十一月乙未、葉夢得、建康に至り、詔を以て王才を招き、之を降す。丙申、内侍を遣わし孔彦舟・桑仲を撫問す。丁酉、福建・江東の群盗に榜諭し、其の脅従の者を赦す。戊戌、詔して蹕を臨安に移す。孟庾を福建・江西・荊湖宣撫使に任じ、神武左軍都統制韓世忠を之に副えしめ、仍て謝向・陸棠を械して行在に赴かしむるを命ず。己亥、婁寅亮を監察御史に任ず。范汝為、光沢県を犯す。李山、信州に走る。辛丑、『紹興太常因革礼』を続編す。桑仲、劉豫の悪逆の罪を正すを請う。詔して荊南に幸進せんとす。乙巳、右司諫韓璜が富直柔に党するを以て、潯州税監を責む。張琪誅せらる。庚戌、富直柔罷免さる。荊湖・広西宣撫使呉敏、始めて命を受け柳州に司を置く。辛亥、康州を徳慶府に昇格す。壬子、詔して内外侍従各々知る所を挙げしむるに三人。丙辰、程昌寓、杜湛を遣わし楊華を撃ち、之を敗る。張俊に命じ使を遣わし詔を持ち曹成を招き、以て其の部を率いて行在に赴かしむ。己未、楊華降を請う。辛酉、吏部侍郎李光に命じ臨安府内外の諸軍を節制せしむ。壬戌、曹成、安仁県を犯し、安撫使向子諲を執り、道州を進攻す。是月、前廓州知事李惟徳、岷州を以て来帰す。呉玠、始めて人を遣わし夏国に通書す。

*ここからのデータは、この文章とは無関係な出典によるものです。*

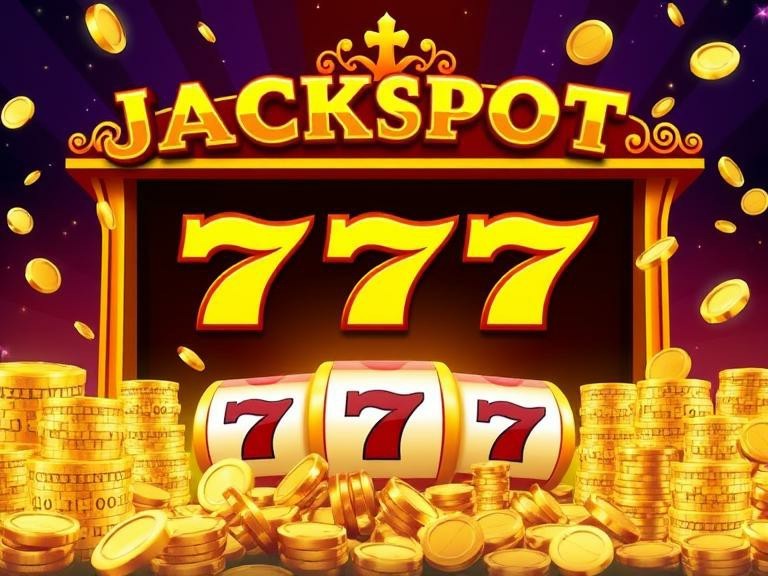 76k bet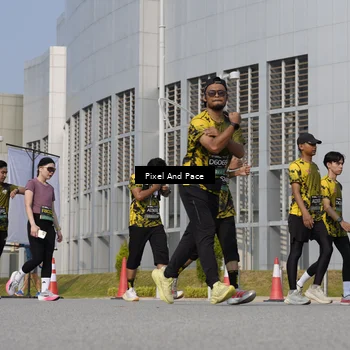 Runner Photo 6473971
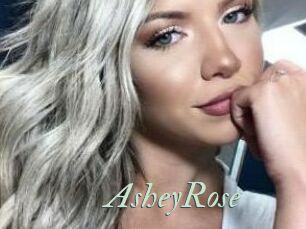AsheyRose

十二月乙丑の日、呉敏を罷免す。丙寅の日、枢密院都承旨を復置す。范汝為が葉澈を遣わして南剣州を寇すも、守臣の觷が拒戦し、これを大破す。己巳の日、吏部侍郎傅崧卿を遣わして淮東宣諭使と為す。甲戌の日、江東安撫司統制の郝晸・顔孝恭を遣わして建昌軍の賊を討たしむ。乙亥の日、辛企宗を罷免し、なお三官を追奪し、兵を率いて軍前に赴き自ら効力せしむ。丁丑の日、諸路の在官積欠を蠲免す。官戸の名田が制を過ぐる者は民と均しく科すべしとの詔を下す。岳飛を以て神武副軍都統制と為し、部兵を率いて洪州に屯せしむ。曹成、道州を陥とし、守臣の向子忞は城を棄てて走る。戊寅の日、彗星の出現により、直言を求む。行在の職事官の職銭を増す。駕部員外郎李願を遣わして川・陝を撫諭せしむ。己卯の日、両浙を東・西の二路に分ち、提点刑獄を置くとの詔を下す。庚辰の日、桑仲が兵を遣わして復州を寇すも、守臣の俎遹は城を棄てて去る。辛巳の日、広西提挙茶塩司を復置す。海州知州の薛安靖、偽の都巡検使王企中を殺し、軍民を率いて城を以て来帰す。諸路の酒銭を増し、以て軍費に備う。甲申の日、龍州知州の範綜・統制の雷仲、兵を挙げて水洛城を復す。己丑の日、陝西都統制の呉玠を起復して鎮西軍節度使と為す。江西安撫司に兵を趣して呉忠を討捕せしめよとの詔を下す。是の月、劉豫が将の王彦充を遣わして寿春府を攻む。桑仲が李横を遣わして再び金州を寇すも、王彦が馬郎嶺にて拒戦し、これを大破し、均州平らぐ。蔡州褒信県の弓手許約叛き、光州を拠す。階州安撫の孫注、洮州を復す。龔富ら南剣州を囲む。